I included the 850 millibar pressure lines here as well, which can clearly demonstrate the center of low pressure near Pensacola, FL. Most of the convection associated with this system is well to the southwest, so I do not anticipate any rapid strengthening or other imminent tropical developments just yet.
This low pressure did come from what was left over of Isaac a few days ago, but if this system did develop into a tropical system it would be given a new name. The National Hurricane Center provided a very detailed explanation why, which I will include below. In short, it is only a break-away piece of energy from Isaac, rather than the bulk of it’s energy. Thus it is designated as a new system, and would be given a new name should the time come.
There have been quite a few inquiries about whether the name “Isaac” would be given to the area of disturbed weather currently located along the northern coast of the Gulf of Mexico, if it were to develop into a tropical cyclone. The short answer is no, it would get a new name.

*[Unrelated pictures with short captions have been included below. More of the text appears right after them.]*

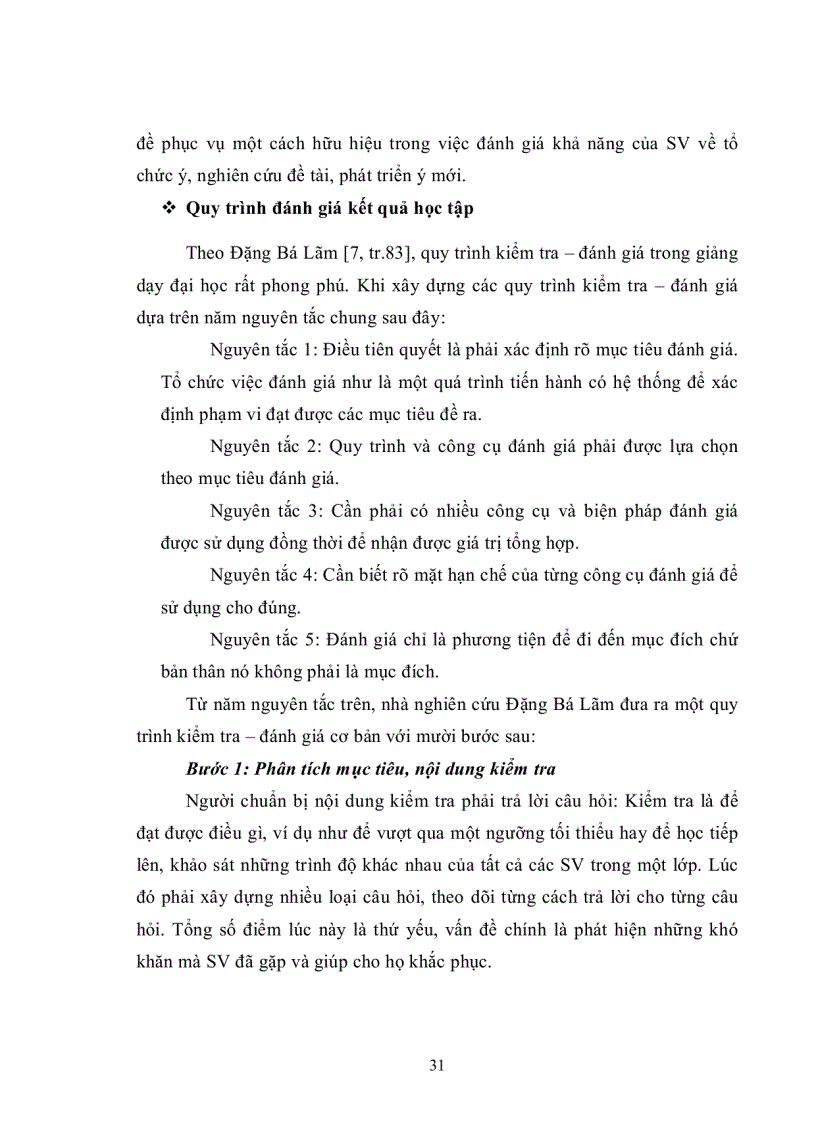 image for page Ảnh hưởng của kiểm tra đánh giá kết quả học tập đến phương pháp học của sinh viên ở một số trường đại học trên địa bàn TP HCM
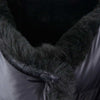 MONCLER モンクレール 2021-22 AW G209K1A00006 M1195 × HYKE ハイク LEMA レマ リバーシブル ファー ナイロン ダウン ジャケット ブラック系【美品】【中古】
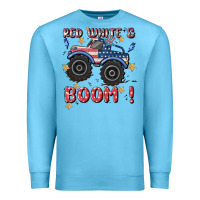 Ocean Blue 4th of july png, monster truck Premium Sweatshirt - MaliasSmallBusiness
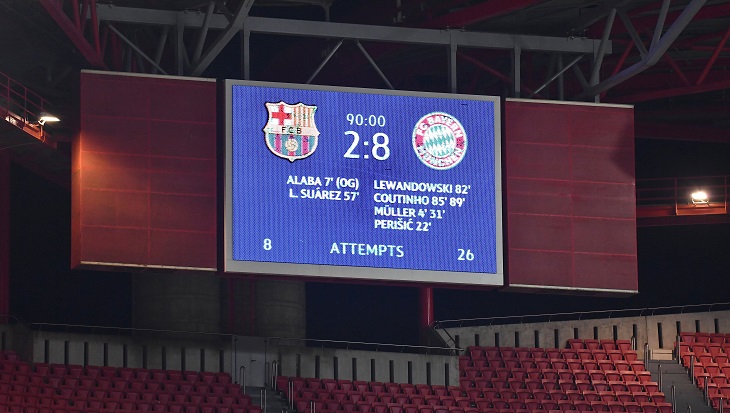 Hasil Liga Champions: Barcelona 2-8 Bayern Munchen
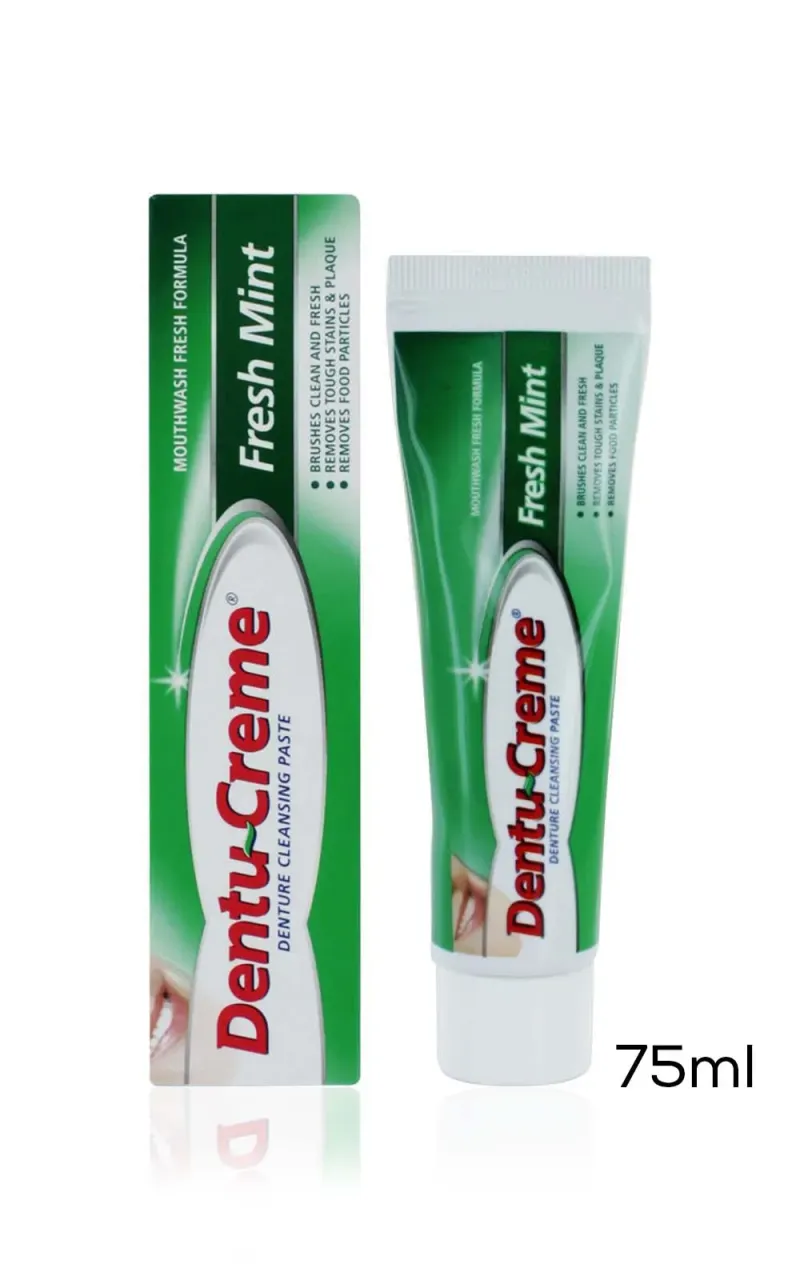 DENTU CREME DENTURE CLEANING PASTE 75ml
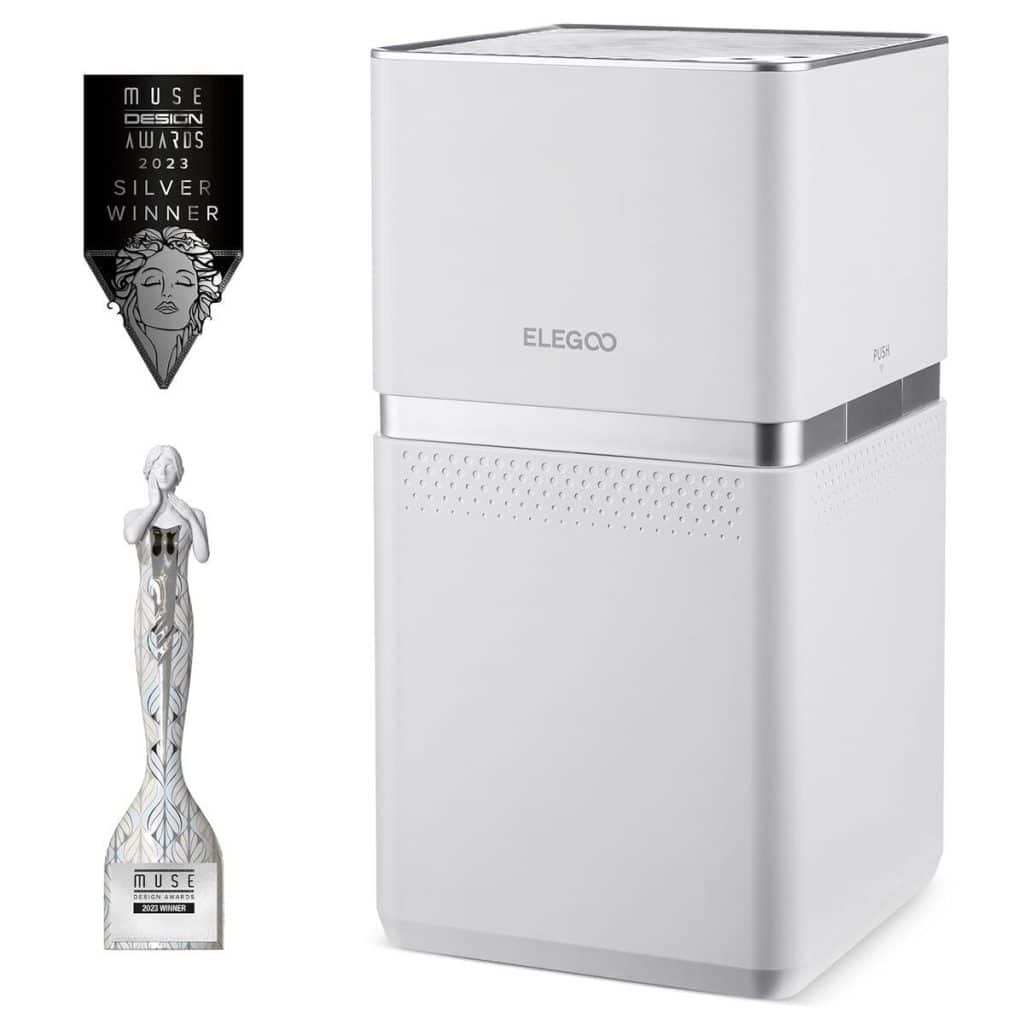 Recensione del purificatore d'aria Elegoo Mars Mate: filtro a carbone attivo con rimozione del 95% dei TVOC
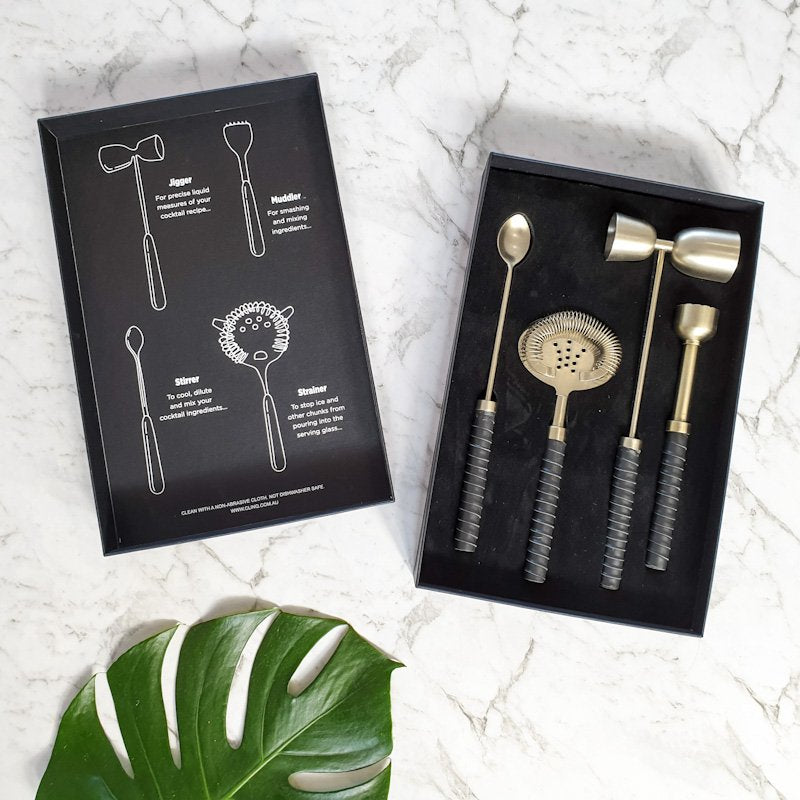 Brass Cocktail Kit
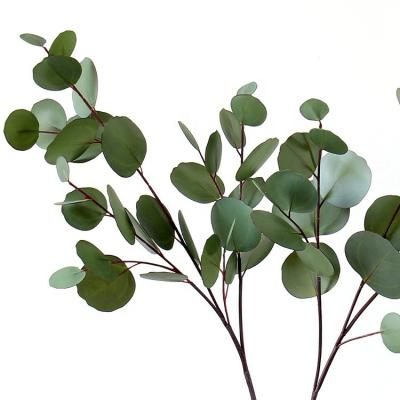 China V-3137 Real Touch Durable Latex Artificial Plants Branch Leaves Eucalyptus For Wedding Decoration for sale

Our analysis of the satellite, surface, and lower-tropospheric radiosonde data suggested that the disturbance we’re currently following originated within Isaac’s broad circulation, but that it had its own surface pressure minimum distinct from Isaac’s. This was perhaps most apparent late in the day on Monday, when the residual surface center of Isaac was located over western Kentucky while a second weak low was located over northern Mississippi and Alabama. Isaac’s circulation continued to weaken after that and became difficult to track, while the new disturbance moved slowly toward the Gulf coast. So what basically happened here is that a little piece of Isaac broke away and moved south.
OK, now everybody get your lawyer and grammar hats on. The National Weather Service rule that applies here reads: “if the remnant of a tropical cyclone redevelops into a tropical cyclone, it is assigned its original number or name”.
Notice the rule says “the” remnant, and not “a” remnant. This means that the storm’s primary remnant (and not just any old part of it) has to re-develop in order for the name to be retained. Since the primary remnant of Isaac was still in Kentucky when the new low formed and broke away, the rule dictates that the new low is not entitled to the name Isaac.
This rule actually makes a lot of sense. If a storm died and each of two parts re-developed, we couldn’t give the same name to both parts. Only the primary remnant would retain the name, while a lesser remnant or part would get a new name.
As pictured above, tropical models generally expect this low to drift slowly southwestward, then reverse course and move ENE into the FL Panhandle or the big bend region of FL. Currently models only expect this to reach Tropical Storm strength at maximum, but like usual we need to keep a close eye on it.